There’s a guy who runs around the state of Illinois spouting statistics showing that Illinois is a low tax state and that our public schools are poverty stricken. You may have read his stuff in the newspaper or heard him on the radio.
He’s so good at it, in fact, that lazy people on the political right pay him respect. Their respect isn’t based on any understanding of what the man is saying, but rather because they know he sure sounds authoritative.
Brad Schiller, a professor of economics at American University and the University of Nevada, Reno, wrote a terrific article in the March 10th Wall Street Journal revealing how some people misuse statistics.
You know, the old “figures lie, and liars figure” thing.
Democrat candidates and pro-big-government types wage class warfare and decry “tax cuts for the rich.” They cite statistics that prove “the stagnation of middle-class incomes” and “the deepening woes of the poor.”
Presidential candidates Hillary Clinton and Barack Obama have taken up the themes of John Edwards:
- Seven years of stagnant wages, declining incomes and increasing inequality.
- The middle-class squeeze.
According to Professor Schiller,
“Both candidates portray America as a nation where the fruits of economic progress have been usurped by corporate CEOs, equity-fund managers, inside traders and international speculators. Main Street has floundered, while Wall Street has flourished.”
Clinton and Obama have the census data to back up what they say. Except, of course, they really don’t. Like our Illinois travelling salesman for tax increases, they purposefully misuse the data.
Stagnant household incomes? Turns out that over the period of time measured by the census data the number of people in a household has changed dramatically. If the average household income is basically the same as it was ten years ago, yet there are fewer people in that household, it’s not accurate to say that there has been stagnation.
According to Professor Schiller, the “typical” household keeps changing.
“Since 1970 there has been a dramatic rise in divorced, never-married and single-person households. Back in 1970, the married Ozzie and Harriet family was the norm: 71% of all U.S. households were two-parent families. Now the ratio is only 51%. In the process of this social revolution, the average household size has shrunk to 2.57 persons from 3.14 — a drop of 18%. The meaning? Even a “stagnant” average household income implies a higher standard of living for the average household member.”
The lowest-earning 20% of households has seen their over-all share of the pie decreased during a 40-year period. But the poor aren’t getting poorer if the size of the pie has increased enormously.
“They’re not rich, but they’re certainly not poorer. In reality, economic growth has raised incomes across the board.”
There’s more.
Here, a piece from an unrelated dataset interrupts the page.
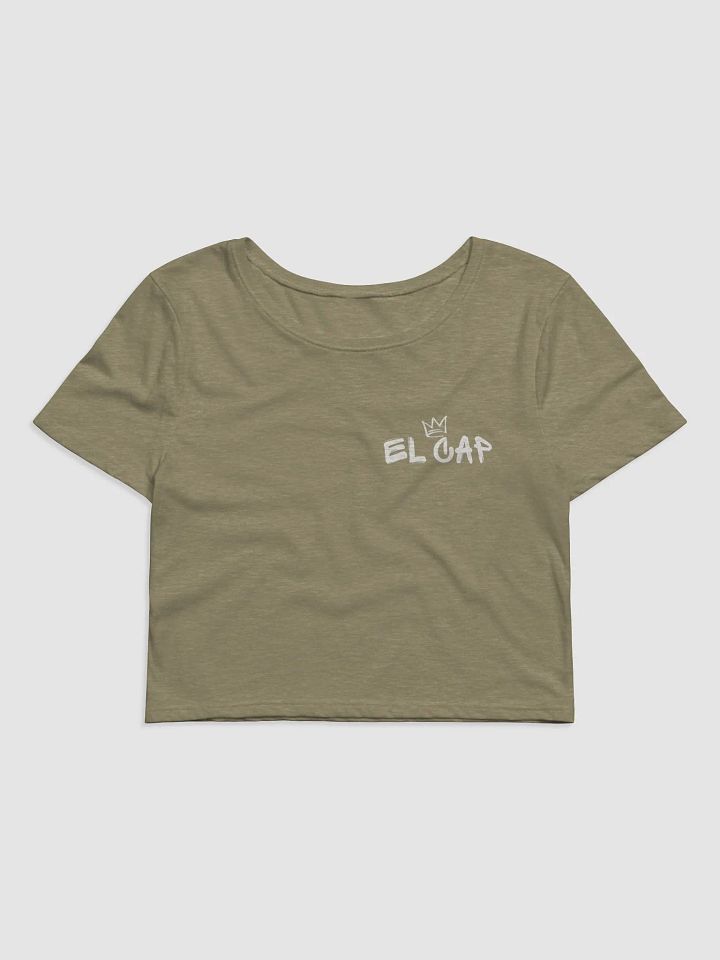 ELCAP Originals - Crop Tee product image (1)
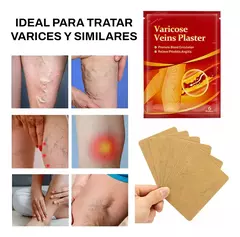 2x1 VariPatch™ - Parches para Várices (pack x12) en internet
For example:
“The supposed decline of the poor and middle class is exaggerated even more by the dynamics of population growth. When people look at the ‘poor’ in any two years, they think they’re looking at the same people. That’s rarely true, especially over longer periods of time.”
Schiller concludes:
“The average American household is doing pretty well. The evident gap between income realities and political rhetoric may help explain why the ‘two Americas’ theme…may ultimately fail to resonate with voters. On Election Day, voters may well turn to the candidate with the greater focus on a strong economy that increases everyone’s income.”
It will help if Republicans get in the game and correct the Democrats’ misuse of “data.”
Which brings us back to our Illinois friend-of-the-tax-increase. You’ll know him when you hear him – he constantly talks about what the “data” shows. Don’t you believe him.